As a child, Chandhok once banged his car into a neighbour’s coconut tree. When his brother ran inside to tell his father about it, a petulant Chandhok rebuked Karun. But only after he had demonstrated how to negotiate a corner.
When he was 15, Chandhok first participated in a go-kart race in England and won. A year later, weighing 96 kilos, he was too tubby to get into a car. Within two months, following a diet and workout regime, he lost close to 25 kilos.
“Today, at 67 kg, I am the lightest I’ve been since I was 14,” he says.
With an Indian Grand Prix slated for 2011, a desi driver makes business sense to Ecclestone.
Plus the Chandhoks have committed to raise a chunk of the $100 million sponsorship.
To critics who allege Chandhok has made it because of his friendship with Ecclestone, he says: “Bernie has a lot of friends — not all of them are racing in F1. He also helped Alonso and Schumacher get their deals. Are you trying to tell me Schumi has gone places because of him?”

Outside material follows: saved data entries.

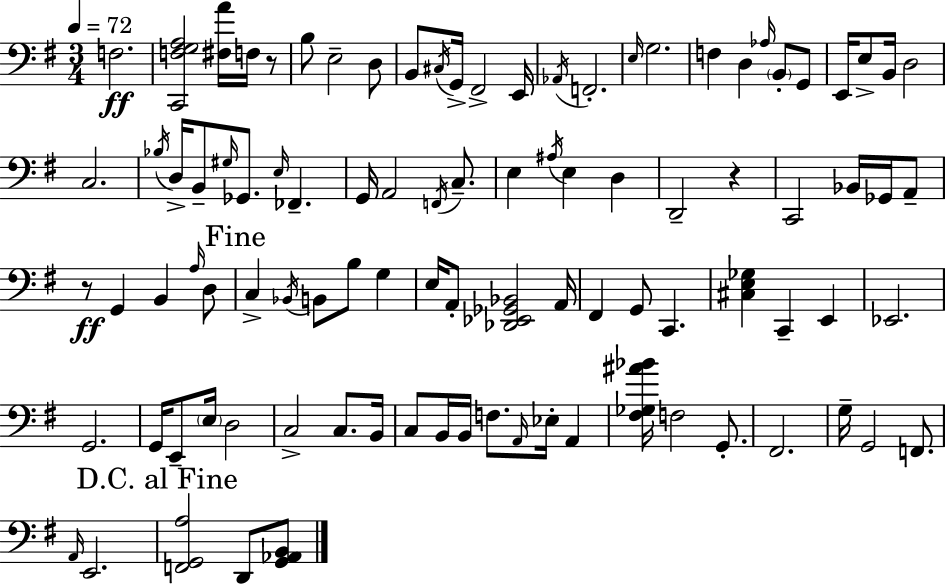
{
  \clef bass
  \numericTimeSignature
  \time 3/4
  \key e \minor
  \tempo 4 = 72
  f2.\ff | <c, f g a>2 <fis a'>16 f16 r8 | b8 e2-- d8 | b,8 \acciaccatura { cis16 } g,16-> fis,2-> | \break e,16 \acciaccatura { aes,16 } f,2.-. | \grace { e16 } g2. | f4 d4 \grace { aes16 } | \parenthesize b,8-. g,8 e,16 e8-> b,16 d2 | \break c2. | \acciaccatura { bes16 } d16-> b,8-- \grace { gis16 } ges,8. | \grace { e16 } fes,4.-- g,16 a,2 | \acciaccatura { f,16 } c8.-- e4 | \break \acciaccatura { ais16 } e4 d4 d,2-- | r4 c,2 | bes,16 ges,16 a,8-- r8\ff g,4 | b,4 \grace { a16 } d8 \mark "Fine" c4-> | \break \acciaccatura { bes,16 } b,8 b8 g4 e16 | a,8-. <des, ees, ges, bes,>2 a,16 fis,4 | g,8 c,4. <cis e ges>4 | c,4-- e,4 ees,2. | \break g,2. | g,16 | e,8-- \parenthesize e16 d2 c2-> | c8. b,16 c8 | \break b,16 b,16 f8. \grace { a,16 } ees16-. a,4 | <fis ges ais' bes'>16 f2 g,8.-. | fis,2. | g16-- g,2 f,8. | \break \grace { a,16 } e,2. | \mark "D.C. al Fine" <f, g, a>2 d,8 <g, aes, b,>8 | \bar "|."
}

JK Tyres Motorsports head Sanjay Sharma, who helped both Narain Karthikeyan and Chandhok get sponsorship for close to two decades, says Chandhok may not have Karthikeyan’s pace, but he is a technical genius.
“He is more Prost than Schumi,” says Sharma.
He is, of course, referring to yesteryears great Alain ‘The Professor’ Prost, whose technical prowess gave him an edge over everybody else before Schumi exploded on the scene.
In a car that has not been tested on the track, Chandhok’s chances of making waves at F1 are slim.
“The first few races will be tough. It is only after we return to Spain that I hope to gain momentum,” he says.
But the coolest tip for Chandhok comes from his predecessor Karthikeyan, who raced with Jordan in 2005.
True to his nature, Karthikeyan doesn’t waste time or words. His two-word advice for the rookie: “Drive fast.”